32. November 28, 2018 – Amends Article III of the Constitution by adding a section which sets down regulations regarding funding for, use of, and status for the state's Special Transportation Fund, establishing it as a perpetual fund, funded by state law, for transportation purposes only.
33. November 28, 2018 – Amends Article III of the Constitution by adding a section which forbids the Legislature from selling, transferring, or otherwise disposing of state-owed real property or interest in real property, except after a public hearing held by a committee of the Legislature, and in the case of property owned by the Department of Agriculture or Department of Energy and Environmental Protection, after a two-thirds majority vote in both houses of the Legislature.
34. November 30, 2022 – Amends Section 7 of Article VI, Section 9 of Article III, and Section 4 of Article IV of the Constitution to permit the State Assembly to allow for a period of early voting before Election Day.

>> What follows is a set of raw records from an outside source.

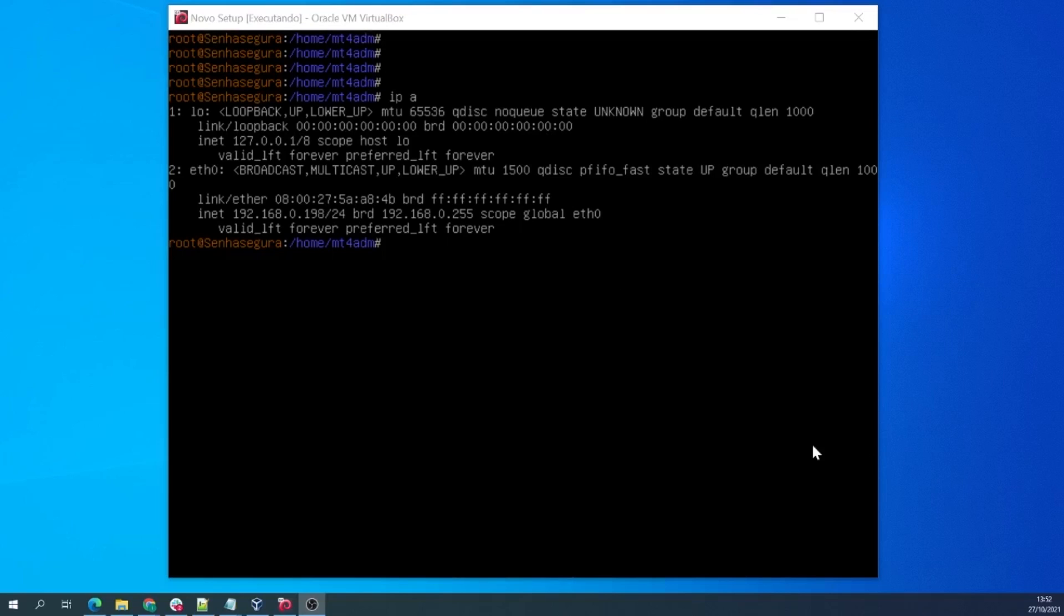After configuring your IP and hostname and then rebooting the instance, it is time to validate it.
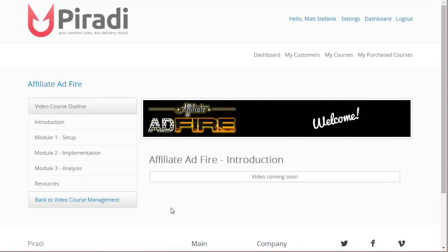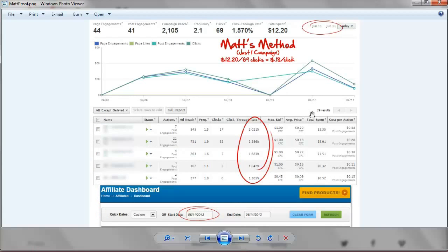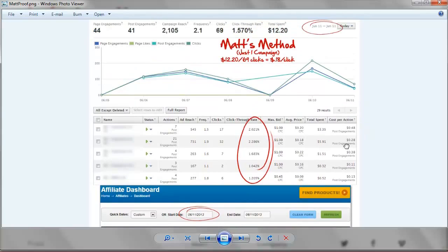Very step by step, very straightforward, really nothing to it. Now I want to show you just this quick screenshot here. This was from last year, and out of sheer laziness I decided to just go ahead and use this as an example rather than making another graphic, because this really demonstrates exactly how simple this is.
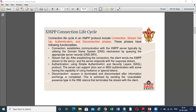The second phase is stream setup. After establishing the connection, the client sends the XMPP stream to the server, and the server responds with a response stream. This is the role of the stream setup phase.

== Earlier Connecticut constitutions ==

The Fundamental Orders of Connecticut (1638) is considered by many to be the state's first constitution, although it was adopted while the state was still an English colony. The document recognized no allegiance to England but instead an independent government. The Charter of the Colony of Connecticut (1662) officially superseded the Fundamental Orders, but the local government continued operating under the previous rules. Even after the American Revolutionary War, the state retained its constitution for another 40 years.

The colonial charter was abolished with the adoption of the first state constitution in 1818. In contrast to the Fundamental Orders, that constitution provided for freedom of religion.

On October 1, 1901, Connecticut residents voted nearly 2-to-1 in favor of calling of a constitutional convention to revise the constitution. A convention was held, and a revised constitution was proposed. On June 16, 1902, voters rejected the revised constitution by a margin of more than 2-to-1.